DISCLAIMER: I hold no rights whatsoever to A Song of Ice and Fire, Romeo and Juliet or Lolita. No money is made of this.
WARNING: Mentions of suicide and violence; dark themes
The centered lines are excerpts taken from William Shakespeare's "Romeo and Juliet" (Act II, Scene 5 and Akt V, Scene 3)
Red Rivers and Blue Roses
Sometimes she wondered if it was really the Lannisters holding her captive, or if it was him. It was hard to tell, after all, when she didn't even remember why she had been taken. She thought no one had ever told her, but she could have been wrong. She had been told so many things, so many pretty lies, so many gruesome truths; she couldn't be expected to keep them all.
Sometimes she thought they'd just forgotten about her, until someone came to bring her food, or drink, sometimes even a newspaper.
Petyr brought her books sometimes. She was not sure if he knew what they were doing to her.
She often caught herself sinking in grey-green depths and wondering if it was really the Lannisters holding her captive, or if it was him. It was hard to tell.
In the cold light of dawn, the golden bars in front of her window looked like they were made of silver.
.
.
They found a book next to her, they told him. A little red paperback.
He didn't have to ask for the title.

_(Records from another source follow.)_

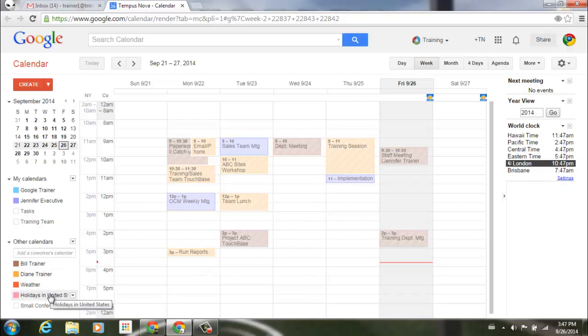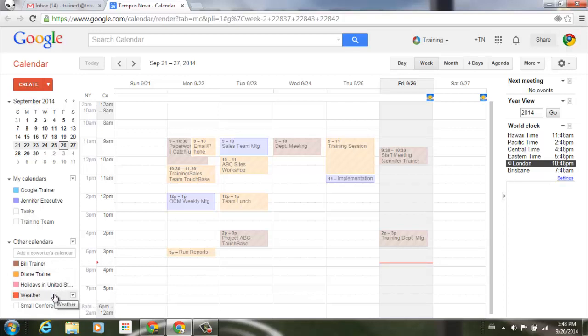Once again, if I turn a calendar on, such as Holidays, you'll notice that it now migrates into the list at the top and is in alphabetical order.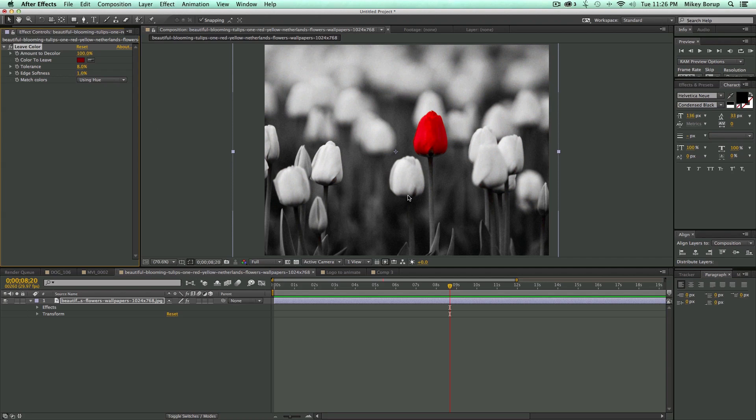So this is a very famous, very popular look. You've seen it a lot, probably in a wedding video or something like that. So this is an easy way to do it.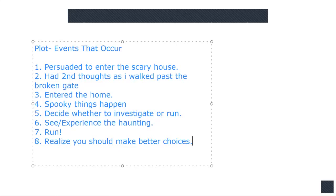You start hearing things. You think about, should I run? You make the bad decision not to. Something frightening happens. You run. There's your climax of your story. You somehow make it out alive, even though it was just the wind blowing a shutter. And then you finally realize, you know what? Maybe it's always a bad idea to enter somebody else's property.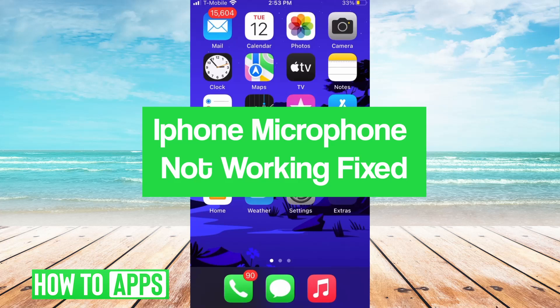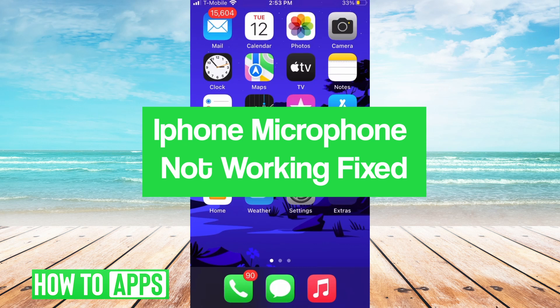Hey guys, it's Lucas, and in this video I'm going to walk you through how to fix iPhone microphone not working.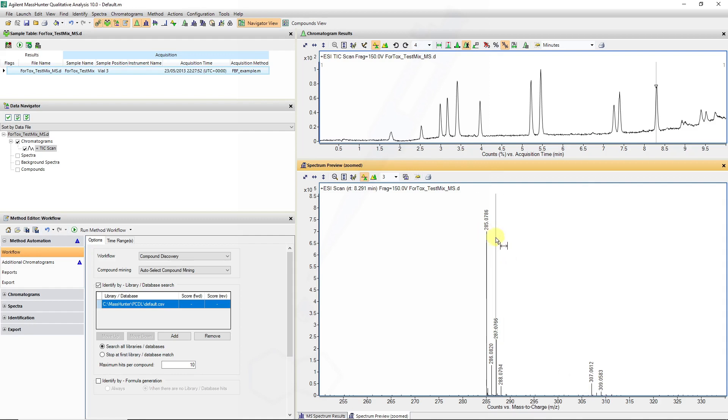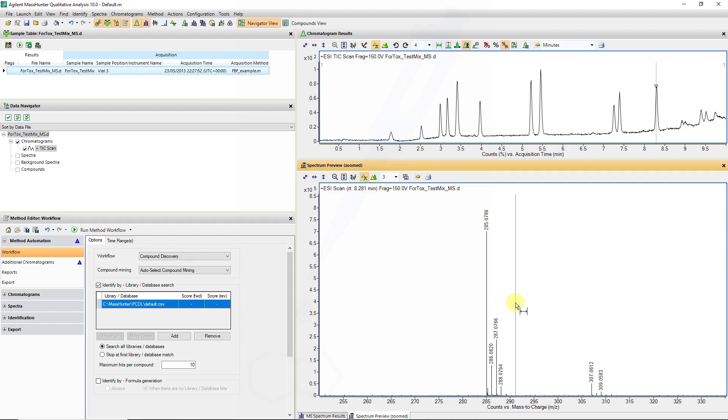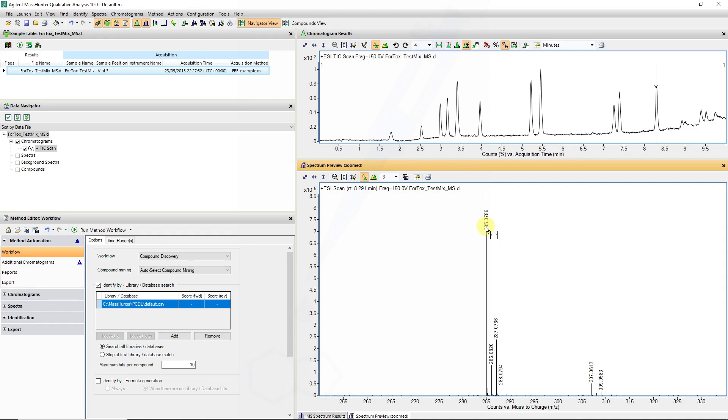The problem we might run into, especially when dealing with large databases, is that we often have molecules with the same chemical formula. We would need to get additional information, either on fragmentation patterns of this particular molecule, to gain confidence on what the structure really looks like.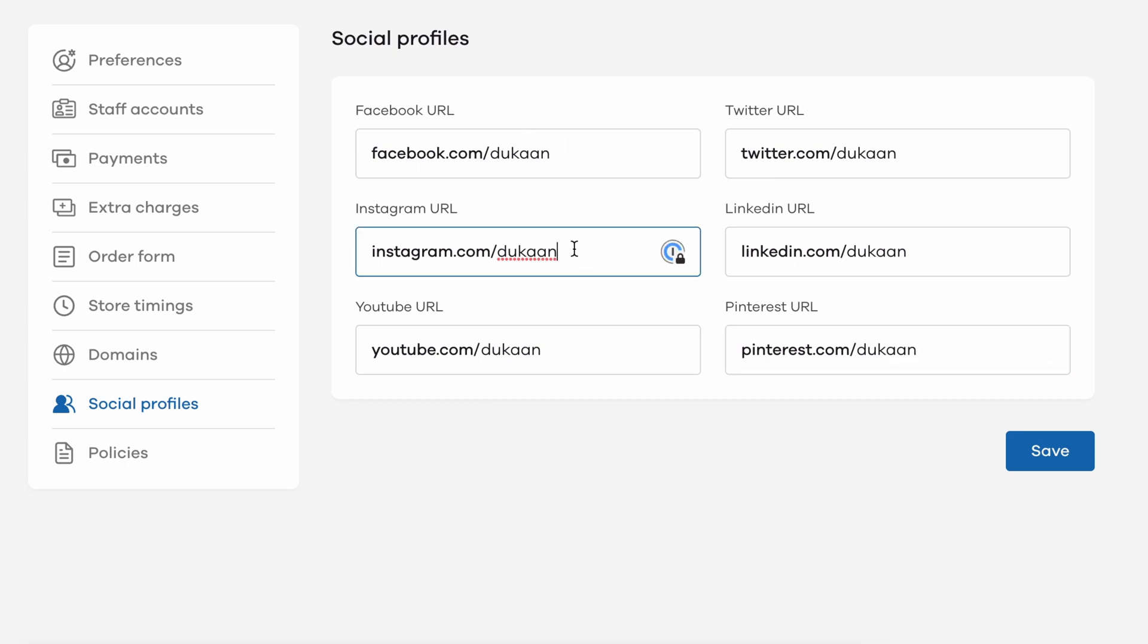For example, if your Instagram username is Dukaan, only add 'dukaan' because instagram.com is already added by default.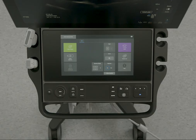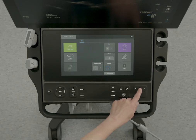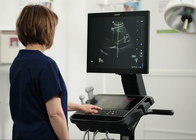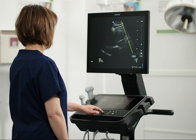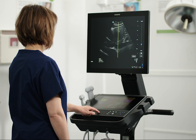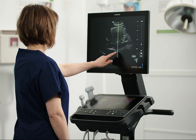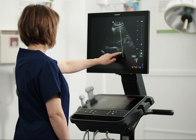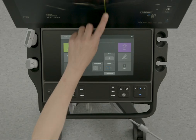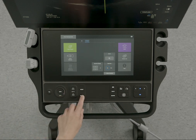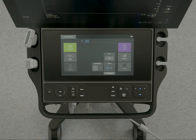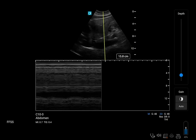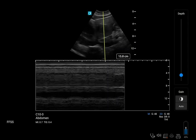Now let's change to M mode, which provides a trace of the 2D image displayed over time. Slide the M line to the desired spot on the screen using the touchpad or touchscreen, and then press the Update control to activate.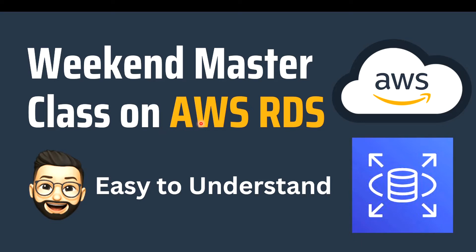Basically the idea is every week I'm going to pick one of the services from AWS and I'm going to discuss about that in detail or in depth.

He knew, because there was that one that lay on her bedside table every night.
"It gives me nightmares," she'd whispered a couple of weeks back, her blue eyes very bright, and he'd laughed at her.
.
She couldn't remember when he'd first come, it seemed like a lifetime ago. He had entered without a word, sat down on her chair and looked at her.
She had thought being alone was torture, but his relentless stare was worse. There was something about his eyes that could strip her bare with a single look, melt her skin, and left nothing to protect her from the world. She had desperately looked for something to say, something to break the silence, but her head had been utterly empty. And he'd just smiled, making it all even worse.

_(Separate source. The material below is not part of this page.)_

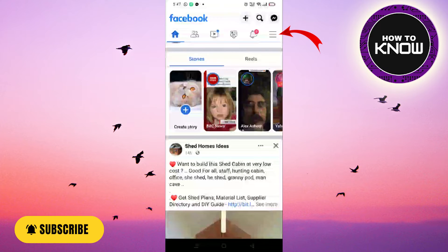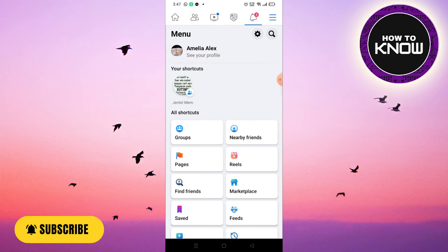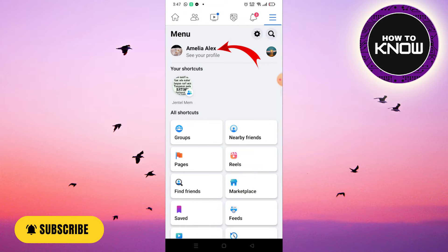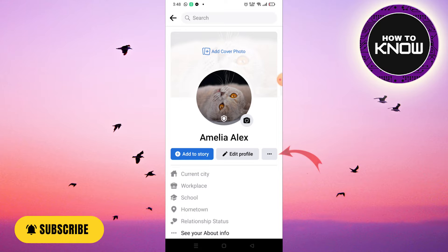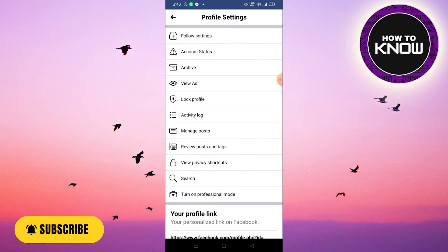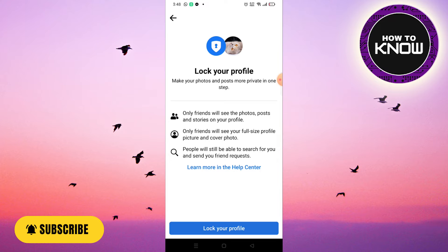Then click on the icon that is located at the top of the screen, and then click on your profile picture, then click on this icon. Now click on 'Lock Profile', then click on 'Lock Your Profile'.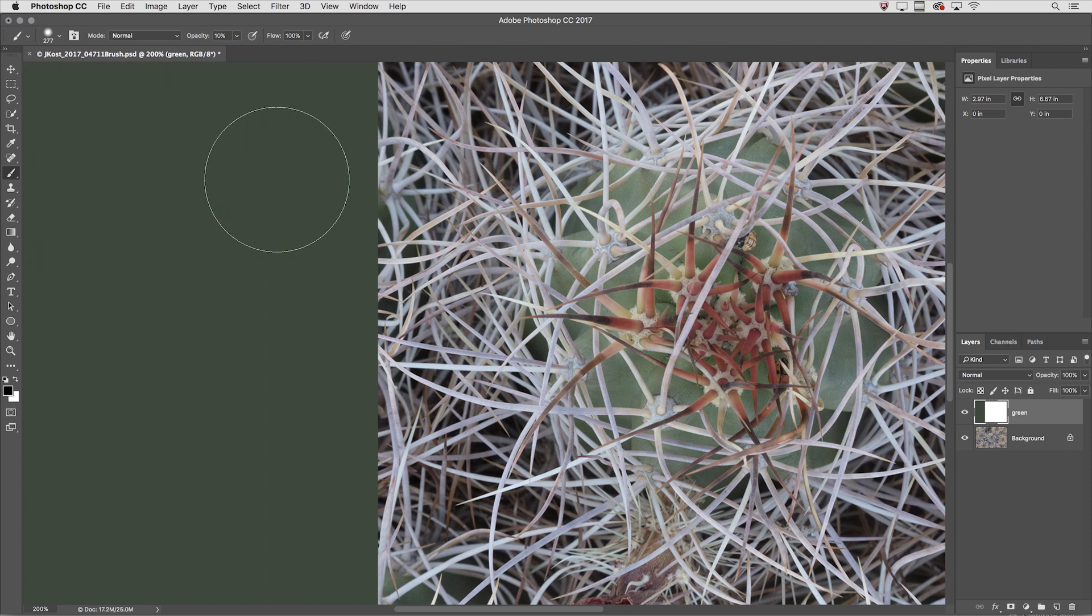So 1 gives me 10%, 2 is 20% and so on until we tap 0 which will give me a hundred percent.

"I did warn you," he'd said very quietly, that mocking smile still playing around his lips. "You should have listened."
Life is not a song. Sansa had almost laughed. "As if anything I could have done would have made a difference."
"That's probably true, sweetling," he'd replied with a shrug and had left the room before she could muster a reply.

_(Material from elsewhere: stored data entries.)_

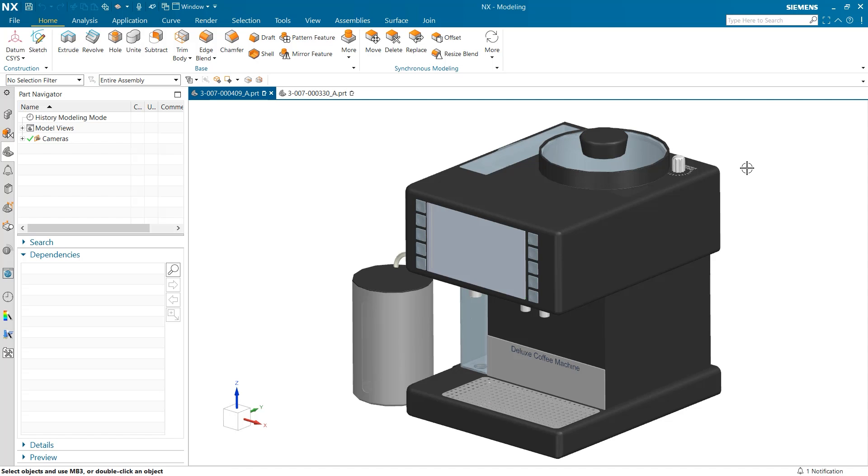Hello, my name is Jimmy Costello from the NX product marketing team and today I'm going to be showing how NX Join can help you to improve your design productivity.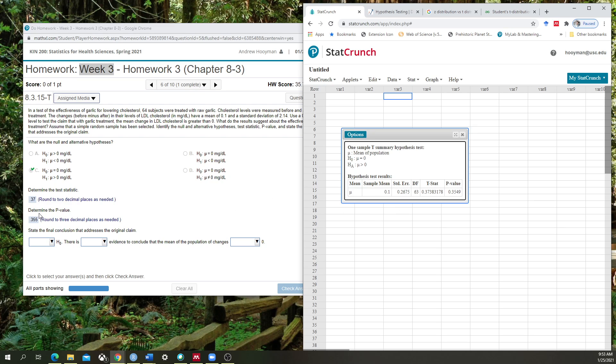The next question is to determine the p-value. When I look at the p-value here, it's asking me to round to three decimal places, 0.3549. So I'm going to round this to 0.355. And that is also correct.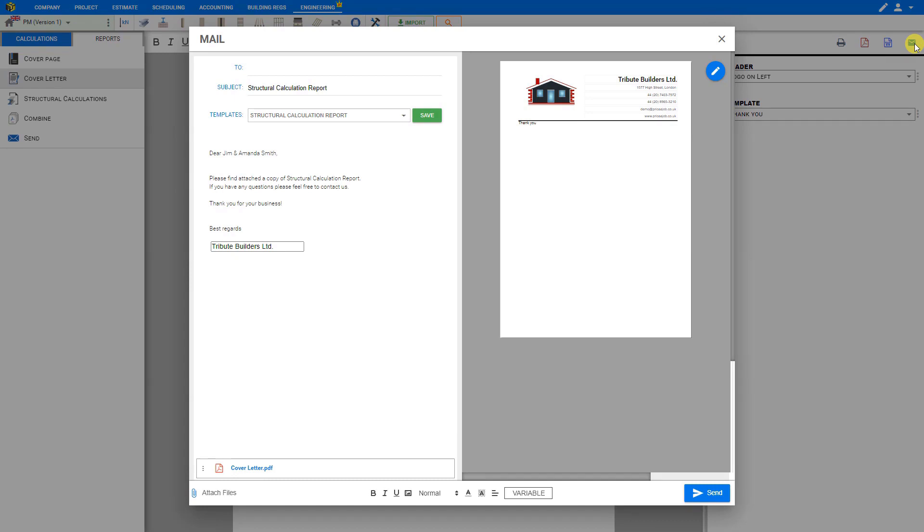And that's how to use the timber flat roof joist calculator to BS5268. Thank you for using Price-A-Job.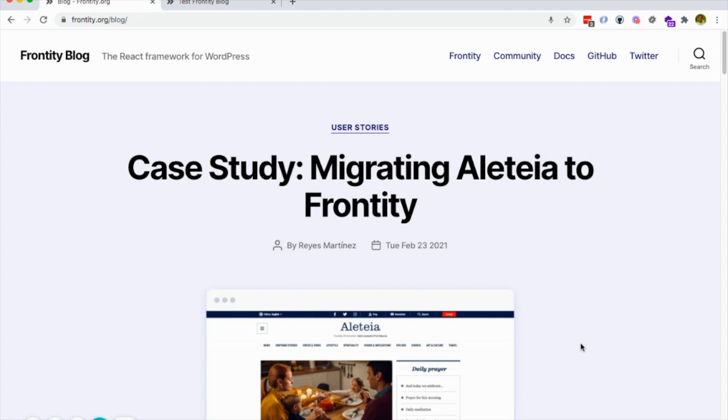Hello everyone. This is a demo on how to implement infinite scroll in your Frontity project. In order to do that, we have just released a couple of Frontity hooks to make it really easy. We released one for the archives and we released another one for the post types.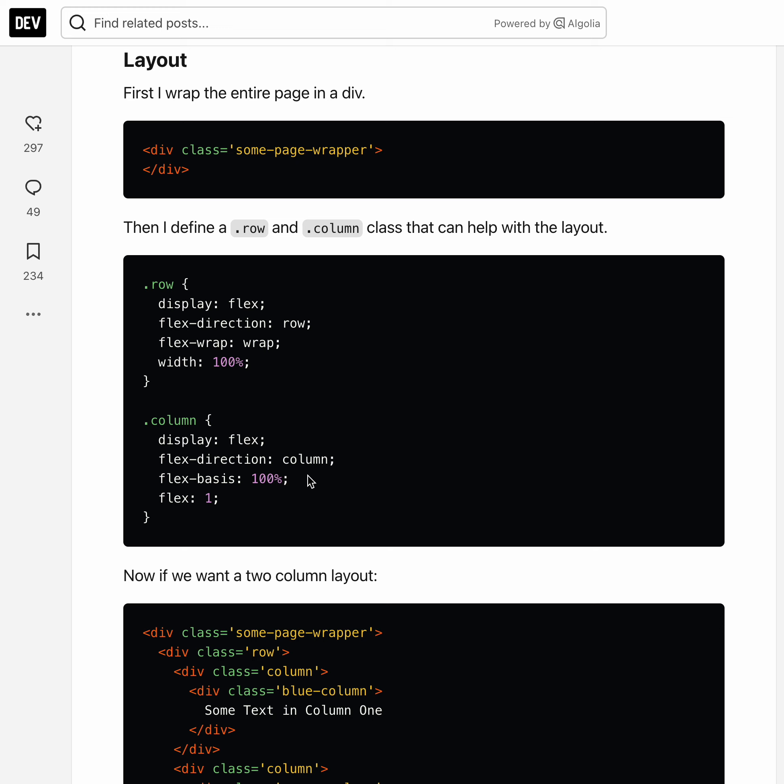And flex ratio of one means that if there's multiple columns they will all be of equal size. If flex was two or three it would take up space in that ratio.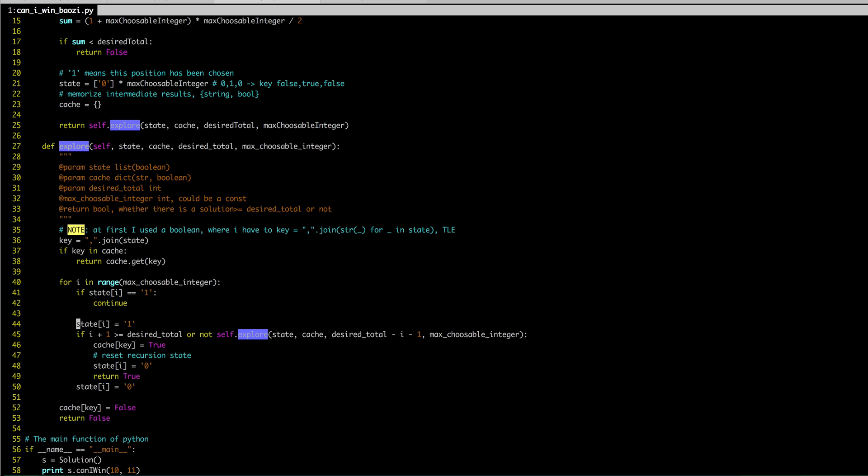And then you mark the state, typical, very typical DFS. So if your current sum is already larger than total, here I'm using minus one because I'm using the index. So if i equals zero, that means actually integer one. If it's already larger or equal than desired total, you're set. So basically, you set the cache to be true, you restore the recursion state, and then you return true, return early.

Ever since that evening, she lived in strange anticipation of his visits. A part of her – the sensible part – was scared witless at the thought of him sitting there again, watching her. The other part, however, hoped to hear steps outside the door that didn't belong to the guard.
Some nights, he would just sit there and watch her, like that first time; some nights, he told her stories of the city outside. She didn't know if they were true, and she didn't care, either. They were not the pretty songs that she had once loved so much. They were scary, full of greed and blood and betrayal, and the girl she had been before would have been horrified.
But there was something undeniably fascinating to them now, in all their morbidity and bitterness, and his quiet, husky voice breathed life into his dark fairy tales.
.
He remembered her sitting on her bed across the room, hugging her knees, her bright eyes never leaving his face. She thought he was watching her, but in truth, it was the other way around.
"Why do you always come here?"
Her guard had called her the little bird, and that moment he knew why. Her bright voice, so innocent, it always had a little bit of song in it, even when they had caged her.
"Perhaps I enjoy your company," he'd replied with half a smile, but she'd shaken her head.
"I never say anything."
"You don't have to, sweetling."
.
Then came the nightmares, and the book, and the kiss. One of them had come first, but no matter how often she tried, she couldn't get it straight in her head anymore.
The book had been before the kiss, of that she was fairly certain. Its cover was red as the blood that ran through his words and his gloomy anecdotes. She had read it before, in school, a thousand years ago. But now, it felt so very real to her, she was drawn into the plot to an extent that she knew to be dangerous, but she ignored that warning.
She had not felt so alive in far too long.
.
He sat at his desk, flickering through the pages of the little book, trying to calm his nerves. What had that girl done to him?
He felt so unsettled, almost sad, almost… almost guilty.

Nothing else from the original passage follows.